- Type: Geological group
- Sub-units: Souris River Formation Hubbard Evaporite Dawson Bay Formation
- Underlies: Duperow Formation 9Saskatchewan Group
- Overlies: Prairie Evaporite Formation, Winnipegosis Formation (Elk Point Group)
- Thickness: up to 244 metres (800 ft)

Lithology
- Primary: Shale, carbonate, evaporite

Location
- Region: WCSB
- Country: Canada

Type section
- Named for: Manitoba
- Named by: A.D. Baillie, 1953

= Manitoba Group =

Geologic group

The Manitoba Group is a stratigraphic unit of middle to late Devonian age in the Western Canadian Sedimentary Basin.
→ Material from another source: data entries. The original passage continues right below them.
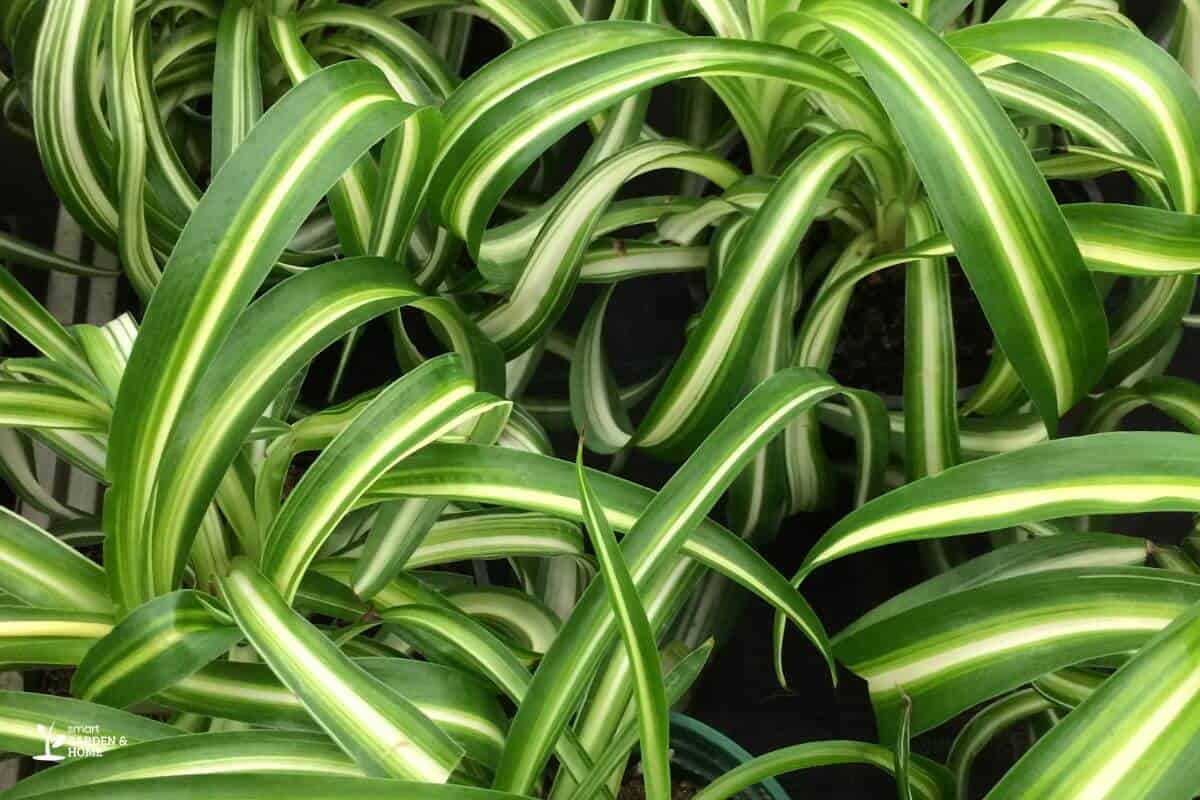 Close Up View Of Spider Plant Tips
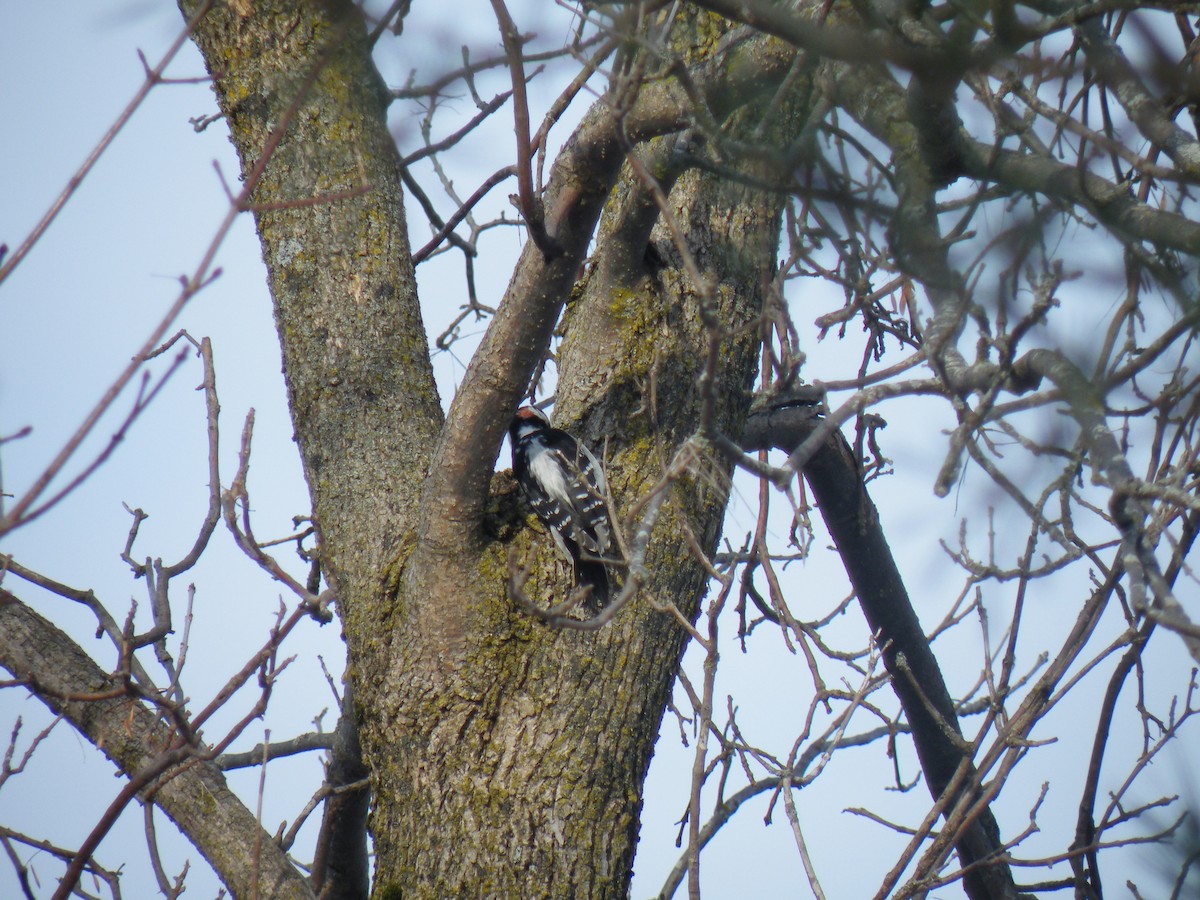 Hairy Woodpecker - ML187722041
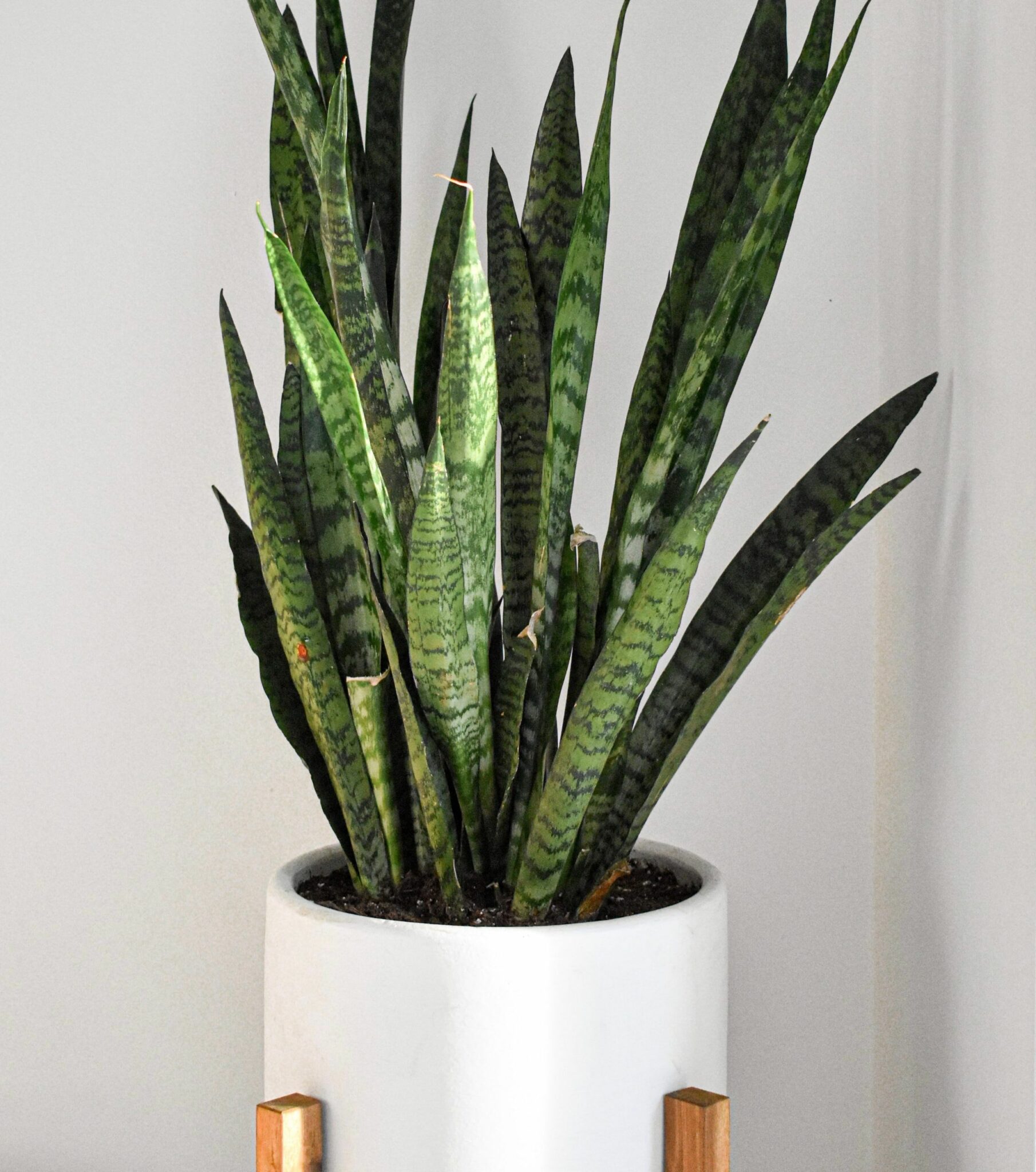 Choosing a Low Light Houseplant - Trott Properties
The group takes its name from the province of Manitoba, and was first defined by A.D. Baillie in 1953.

==Lithology==
The Manitoba Group is composed of alternating cycles of shale, carbonate and evaporite.

==Distribution==
The Manitoba Group occurs in outcrop in southwestern Manitoba and in the sub-surface in southern Saskatchewan, North Dakota and Montana. It reaches a maximum thickness of 150 m in outcrop and up to 244 m in the sub-surface.

==Subdivisions==
The following formationas are recognised, from top to bottom:
- The Souris River Formation appears in the upper part of the Manitoba Group, is of Givetian to Frasnian age and consists of thin shale-carbonate-evaporite cycles.
- The Hubbard Evaporite is recognised at the top of the Montana Group in the Elk Point Basin. Its age is Givetian
- The Dawson Bay Formation is the lower part of the Manitoba Group. It is of Givetian age and consists of red shale (the "Second Red Bed") and a sequence of limestone and dolomitic limestone.

==Relationship to other units==

The Manitoba Group is conformably overlain by the Duperow Formation and disconformably overlays the Prairie Evaporite Formation or Winnipegosis Formation of the Elk Point Group.

The lower Manitoba Group is equivalent to the Muskeg Formation in northern Alberta, while the upper part correlates with the Beaverhill Lake Formation.